Smart contracts are integral components of blockchain ecosystems, yet they remain highly susceptible to security vulnerabilities that can lead to severe financial and operational consequences. To address this, a range of vulnerability detection techniques have been developed, including rule-based tools, neural network models, pre-trained language models (PLMs), and most recently, large language models (LLMs). However, those existing methods face three main limitations: (1) Rule-based tools such as Slither and Oyente depend heavily on handcrafted heuristics, requiring human intervention and high execution time. (2) LLM-based approaches are computationally expensive and challenging to fine-tune in resource-constrained environments, particularly within academic or research settings where access to high-performance computing is constrained. (3) Most existing approaches focus on binary and multi-class classification, assuming that each contract contains only a single vulnerability, whereas in practice, smart contracts often exhibit multiple coexisting vulnerabilities that require a multi-label detection approach.
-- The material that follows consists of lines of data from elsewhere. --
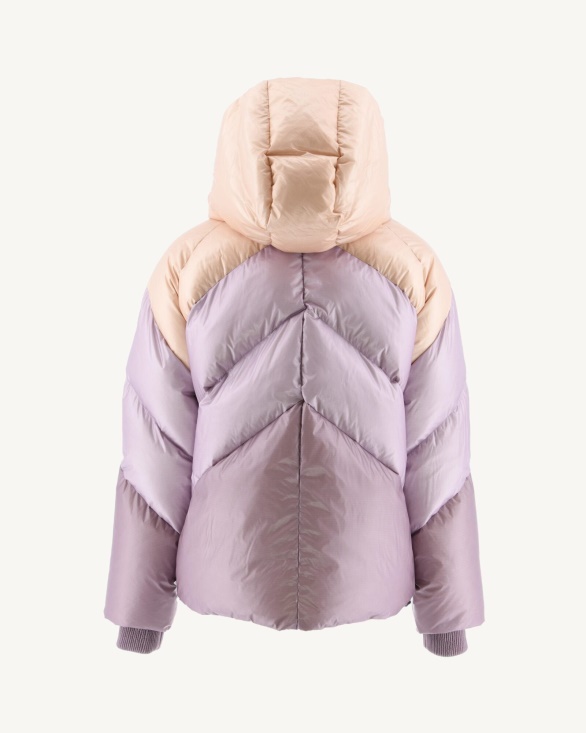 Jott UK Multi Lavender Hooded Puffer Jacket Stellar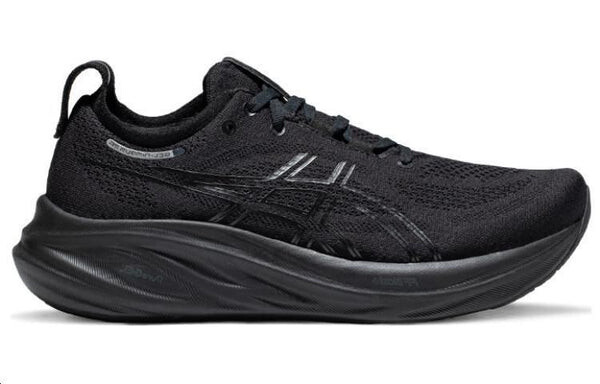 Кроссовки гель нимбус 26 ширина Asics, черный — фото 3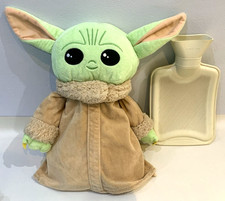 Star Wars Baby Yoda Grogu Hot Water Bottle & Cover 1L Primark Disney 13''/33cm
In this study, we conduct a comprehensive benchmark that systematically evaluates the effectiveness of traditional deep learning models (e.g., LSTM, BiLSTM) versus state-of-the-art PLMs (e.g., CodeBERT, GraphCodeBERT) in multi-label vulnerability detection. Our dataset comprises nearly 18,000 real-world smart contracts annotated with seven distinct vulnerability types. We evaluate not only detection accuracy but also computational efficiency, including training time, inference speed, and resource consumption. Our findings reveal a crucial trade-off: while code-specialized PLMs like GraphCodeBERT achieve a high F1-score of 96%, a well-tuned BiLSTM with an attention mechanism surpasses it (98% F1-score) with significantly less training time. By providing a clear, evidence-based framework, this research offers practical recommendations for engineers to select the most appropriate model, balancing state-of-the-art performance with the resource constraints inherent in real-world security tools.

查看原文本刊更多论文

火试金：评估以太坊智能合约中用于多标签漏洞检测的预训练语言模型

智能合约是区块链生态系统的组成部分，但它们仍然极易受到安全漏洞的影响，可能导致严重的财务和运营后果。为了解决这个问题，已经开发了一系列漏洞检测技术，包括基于规则的工具，神经网络模型，预训练语言模型（plm），以及最近的大型语言模型（llm）。然而，这些现有的方法面临着三个主要的局限性：(1)基于规则的工具，如Slither和Oyente，严重依赖于手工制作的启发式，需要人工干预和高执行时间。(2)基于llm的方法在资源受限的环境中计算成本高，难以进行微调，特别是在访问高性能计算受限的学术或研究环境中。(3)大多数现有方法侧重于二元和多类分类，假设每个合约只包含一个漏洞，而在实践中，智能合约通常表现出多个共存的漏洞，需要多标签检测方法。在本研究中，我们进行了一个全面的基准测试，系统地评估了传统深度学习模型（如LSTM、BiLSTM）与最先进的plm（如CodeBERT、GraphCodeBERT）在多标签漏洞检测中的有效性。我们的数据集包括近18,000个真实世界的智能合约，其中标注了七种不同的漏洞类型。我们不仅评估检测精度，还评估计算效率，包括训练时间、推理速度和资源消耗。我们的研究结果揭示了一个关键的权衡：虽然像GraphCodeBERT这样的代码专用plm达到了96%的高f1分数，但一个经过良好调整的带有注意力机制的BiLSTM在训练时间显著减少的情况下超过了它（98%的f1分数）。通过提供一个清晰的、基于证据的框架，本研究为工程师选择最合适的模型提供了实用的建议，从而平衡了现实世界安全工具中最先进的性能和固有的资源约束。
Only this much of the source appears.